Aggregate Functions

Overview

Aggregate functions operate on a set of input rows and compute one result per group. The functions on this page are available in Polars SQL.

Except for count(), count_if(), and approx_distinct(), aggregate functions ignore null input values and return null when there are no non-null input values. For example, sum() returns null rather than zero for an empty input group, and avg() does not include null values in the count.

General Aggregate Functions

any_value(x) -> [same as input]()

This is an alias for arbitrary().

arbitrary(x) -> [same as input]()

Returns an arbitrary non-null value of x, if one exists.

avg(x) -> double()

Returns the average (arithmetic mean) of all non-null input values.

SELECT avg(v)
FROM (VALUES (1), (NULL), (3)) AS t(v);
-- 2.000
count(*) -> bigint()

Returns the number of input rows.

SELECT count(*)
FROM (VALUES (1), (NULL), (3)) AS t(v);
-- 3
count(x) -> bigint()

Returns the number of non-null input values.

SELECT count(v)
FROM (VALUES (1), (NULL), (3)) AS t(v);
-- 2
count_if(x) -> bigint()

Returns the number of TRUE input values.

SELECT count_if(flag)
FROM (VALUES (TRUE), (FALSE), (NULL)) AS t(flag);
-- 1
max(x) -> [same as input]()

Returns the maximum non-null input value.

SELECT max(v)
FROM (VALUES (1), (NULL), (3)) AS t(v);
-- 3
min(x) -> [same as input]()

Returns the minimum non-null input value.

SELECT min(v)
FROM (VALUES (1), (NULL), (3)) AS t(v);
-- 1
sum(x) -> [same as input]()

Returns the sum of all non-null input values.

SELECT sum(v)
FROM (VALUES (1), (NULL), (3)) AS t(v);
-- 4

Approximate Aggregate Functions

approx_distinct(x) -> bigint()

Returns the approximate number of distinct non-null input values. This function provides an approximation of count(DISTINCT x). Zero is returned if all input values are null.

SELECT approx_distinct(v)
FROM (VALUES (1), (1), (2), (NULL)) AS t(v);
-- 2

Statistical Aggregate Functions

corr(y, x) -> double()

Returns the correlation coefficient of the non-null input pairs.

SELECT corr(y, x)
FROM (VALUES (1, 2), (3, 4), (5, 6)) AS t(y, x);
-- 1.0
covar_pop(y, x) -> double()

Returns the population covariance of the non-null input pairs.

SELECT covar_pop(y, x)
FROM (VALUES (1, 2), (3, 4), (5, 6)) AS t(y, x);
-- 2.6666666666666665
covar_samp(y, x) -> double()

Returns the sample covariance of the non-null input pairs.

SELECT covar_samp(y, x)
FROM (VALUES (1, 2), (3, 4), (5, 6)) AS t(y, x);
-- 4.0
regr_count(y, x) -> bigint()

Returns the number of input rows where both y and x are non-null. y is the dependent value and x is the independent value.

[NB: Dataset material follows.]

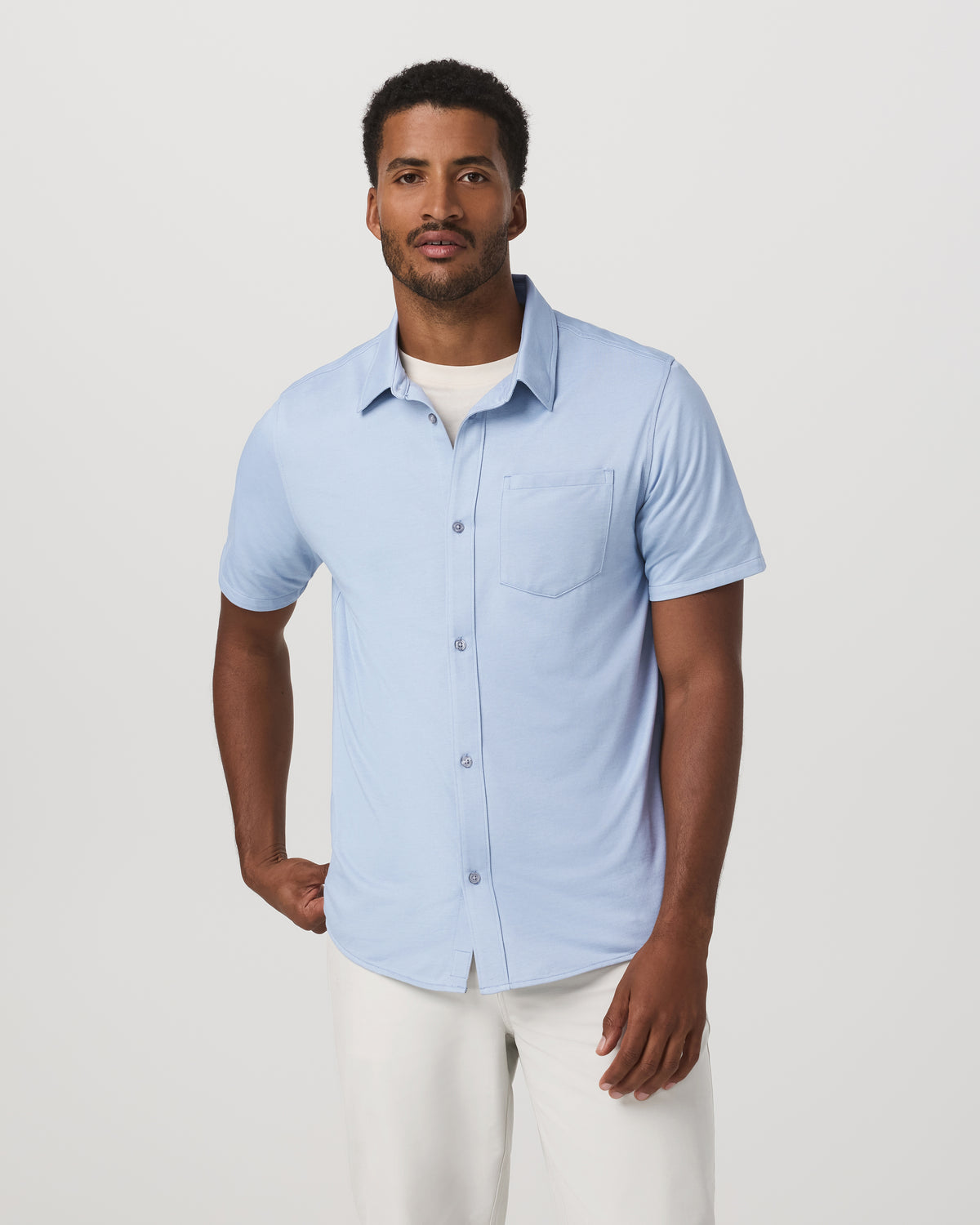 Short Sleeve Knit Oxford Button Down - Classic Fit Blue - Image 5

regr_avgx(y, x) -> double()

Returns the average of the independent value for non-null input pairs.

regr_avgy(y, x) -> double()

Returns the average of the dependent value for non-null input pairs.

regr_sxx(y, x) -> double()

Returns the sum of squares of the independent value for non-null input pairs.

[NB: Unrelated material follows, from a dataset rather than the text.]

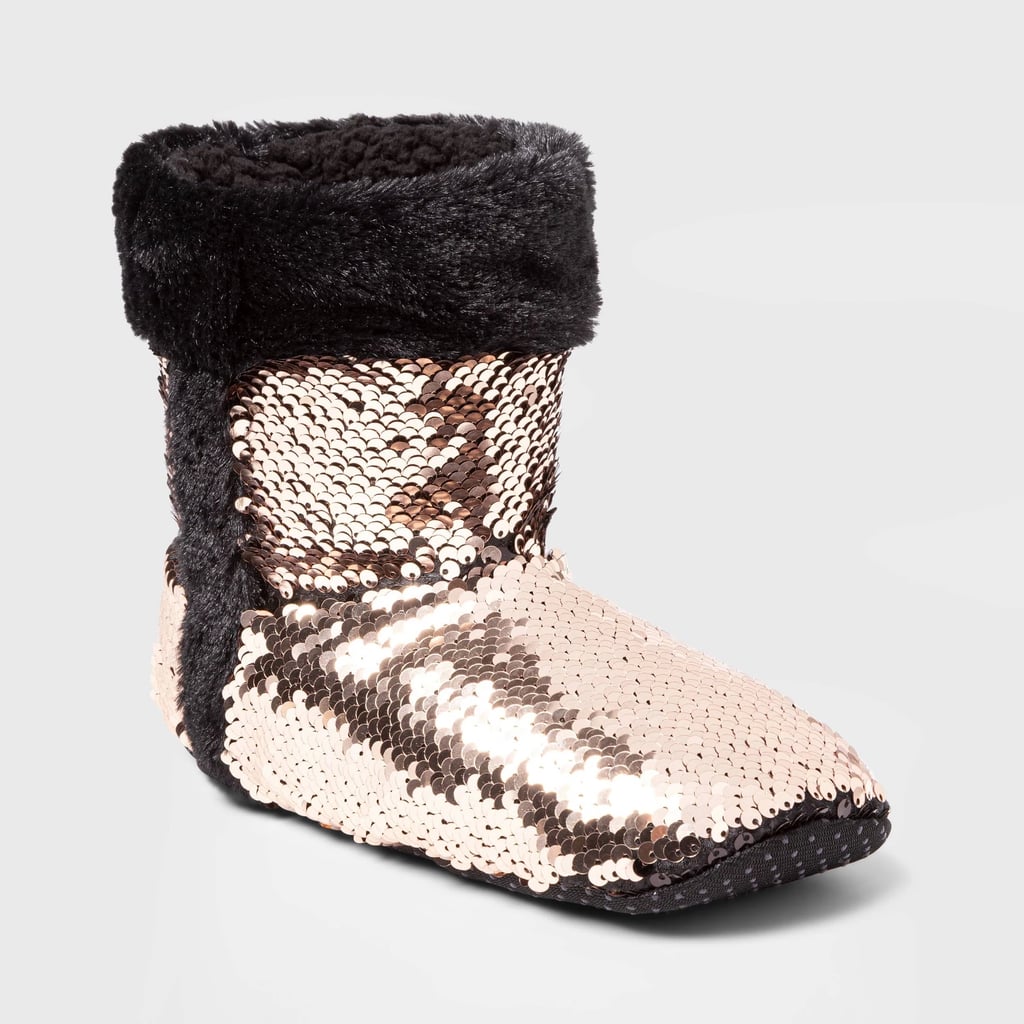 Women's Flip Sequins Booties With Faux Fur Cuff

regr_syy(y, x) -> double()

Returns the sum of squares of the dependent value for non-null input pairs.

regr_sxy(y, x) -> double()

Returns the sum of products of the dependent and independent values for non-null input pairs.

regr_slope(y, x) -> double()

Returns the slope of the linear regression line. y is the dependent value and x is the independent value.

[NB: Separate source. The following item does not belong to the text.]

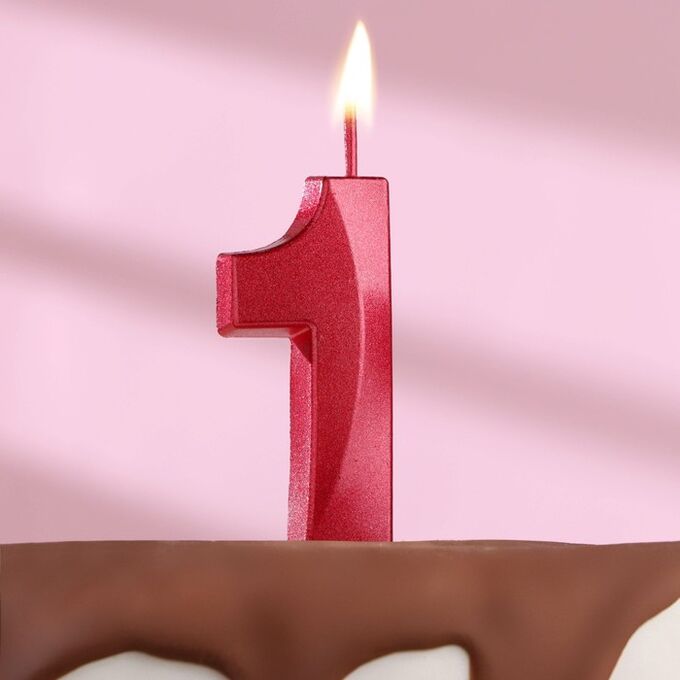 Страна карнавалия Свеча в торт на шпажке «‎Грань», цифра &quot;1&quot;, 5 см, красная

regr_intercept(y, x) -> double()

Returns the intercept of the linear regression line. y is the dependent value and x is the independent value.

regr_r2(y, x) -> double()

Returns the coefficient of determination of the linear regression.

SELECT
    regr_count(y, x),
    regr_avgx(y, x),
    regr_avgy(y, x),
    regr_sxx(y, x),
    regr_syy(y, x),
    regr_sxy(y, x),
    regr_slope(y, x),
    regr_intercept(y, x),
    regr_r2(y, x)
FROM (
    VALUES
        (1, 2),
        (3, 4),
        (5, 6),
        (CAST(NULL AS INTEGER), 8),
        (9, CAST(NULL AS INTEGER))
) AS t(y, x);
-- 3, 4.0, 3.0, 8.0, 8.0, 8.0, 1.0, -1.0, 1.0
stddev(x) -> double()

This is an alias for stddev_samp().

stddev_pop(x) -> double()

Returns the population standard deviation of all non-null input values.

stddev_samp(x) -> double()

Returns the sample standard deviation of all non-null input values.

variance(x) -> double()

This is an alias for var_samp().

var_pop(x) -> double()

Returns the population variance of all non-null input values.

var_samp(x) -> double()

Returns the sample variance of all non-null input values.

SELECT
    var_pop(v),
    stddev_pop(v),
    var_samp(v),
    variance(v),
    stddev_samp(v),
    stddev(v)
FROM (VALUES (1), (2), (3)) AS t(v);
-- 0.6666666666666666, 0.816496580927726, 1.0, 1.0, 1.0, 1.0